M. Bouillier, généralement si impartial dans ses jugements, fait un crime à Voetius d'avoir écrit au père Mersenne, dont il ignorait les relations d'amitié avec Descartes, pour le prier d'obtenir des catholiques de France de s'unir aux calvinistes de Hollande contre un système qu'il regardait comme également pernicieux à toutes les religions. Mais il n'y a rien dans cette démarche qui ne soit conforme aux règles les plus élémentaires de la politique, et la politique religieuse est soumise aux

mêmes conditions que la politique d'État. N'a-t-on pas vu il y a quelques années parmi nous un protestant illustre joindre ses efforts à ceux du parti ultramontain pour défendre le pouvoir temporel du pape? II croyait, à tort ou à raison, toutes les Églises chrétiennes intéressées à la conservation des États du Saint-Siége, et personne ne songeait à mettre en question sa loyauté et sa bonne foi. Rien ne donne le droit de supposer que le recteur gomariste de l'université d'Utrecht n'ait pas obéi à des motifs aussi honorables.
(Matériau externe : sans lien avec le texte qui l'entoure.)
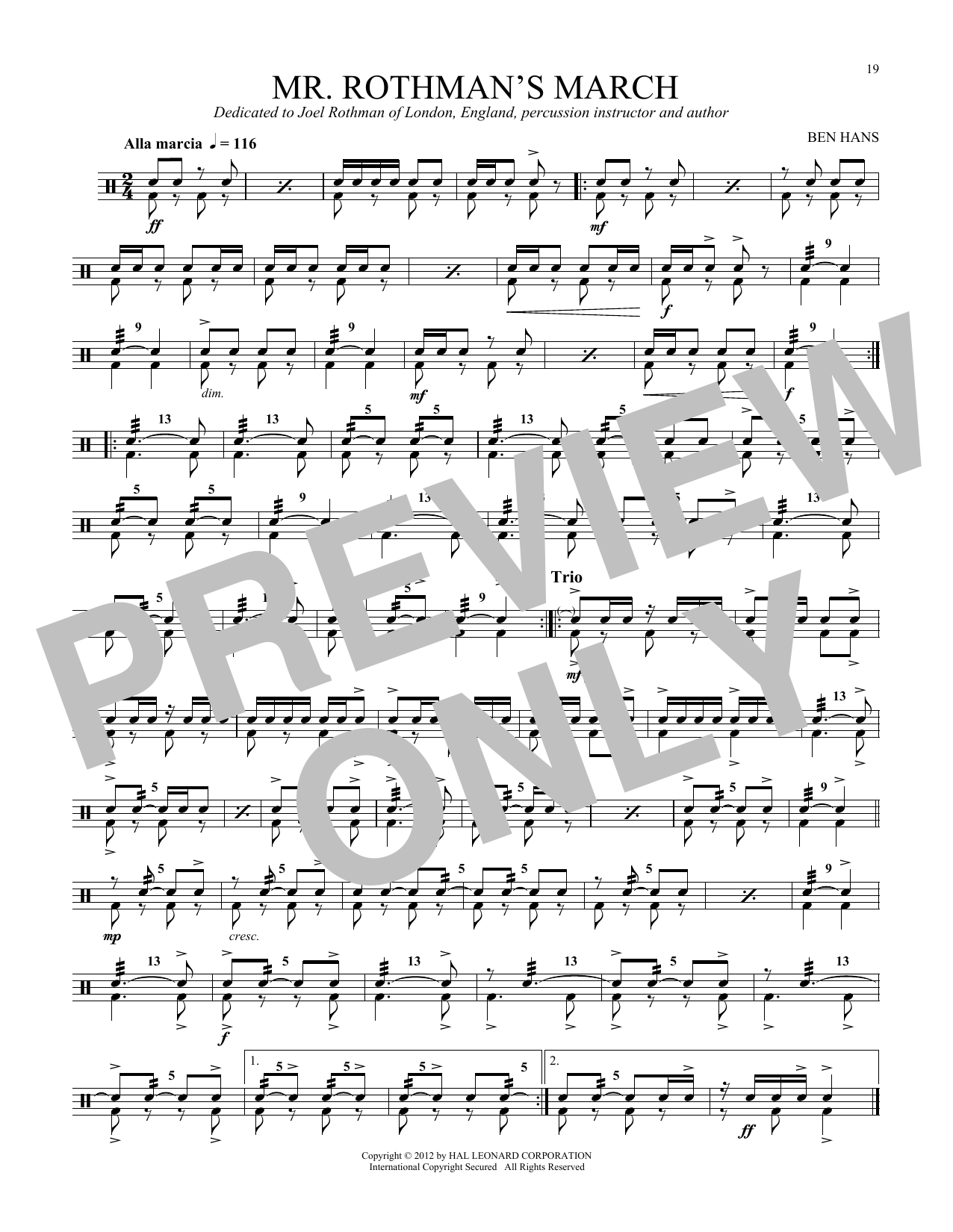 Learn to play John S. Pratt Mr. Rothman's March sheet music for Snare Drum Solo in minutes. Price: 6.9900$ John S. Pratt Mr. Rothman's March sheet music notes and chords arranged for Snare Drum Solo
Au reste, les successeurs de Voetius ont suivi exactement la même conduite. Voyant l'interprétation des Livres saints de plus en plus abandonnée à l'arbitraire individuel, sous l'influence ou sous le masque du cartésianisme; voyant, jusque dans les chaires de théologie, les dogmes les plus essentiels de la religion sacrifiés aux doctrines de Descartes, les synodes de Dordrecht et de Delft firent défense aux théologiens de se servir en aucune occasion d'un raisonnement ou d'un principe cartésien, et rendirent un décret aux termes duquel quiconque aurait fait acte d'adhésion à la philosophie nouvelle serait exclu des chaires de théologie et des dignités ecclésiastiques. On ne saurait en vouloir aux gens d'être conséquents avec eux-mêmes et d'agir conformément aux principes dont ils font publiquement profession. C'est le contraire qui serait regrettable, parce qu'il donnerait une médiocre opinion de la nature

humaine.

La même raison fait un devoir à l'historien de la philosophie de n'être point trop sévère pour les ennemis que le cartésianisme a rencontrés en France. La physique de Descartes est venue d'abord se heurter contre un dogme fondamental de la foi catholique, nous voulons parler du mystère de la transsubstantiation dans l'eucharistie. Avec l'ancienne doctrine, la doctrine péripatéticienne, qui fait une différence entre la substance et les accidents, entre la substance étendue et l'étendue elle-même, ainsi que ses différents modes, on pouvait dire que la substance est changée dans l'hostie consacrée, quoique les qualités sensibles, les accidents ou les modes, demeurent les mêmes. Mais, du moment que, dans la matière en général et dans chaque corps en particulier, la substance n'est pas autre chose que l'étendue, il n'y a plus de miracle, puisque, avant comme après, l'étendue est la même. Descartes, pour écarter cette objection, fait de vains efforts, il descend à des subtilités indignes de son génie. Elles n'ont pas d'autre résultat que de lui attirer des difficultés nouvelles et d'envenimer une discussion sans issue, car elle avait son origine dans un des principes fondamentaux de son système.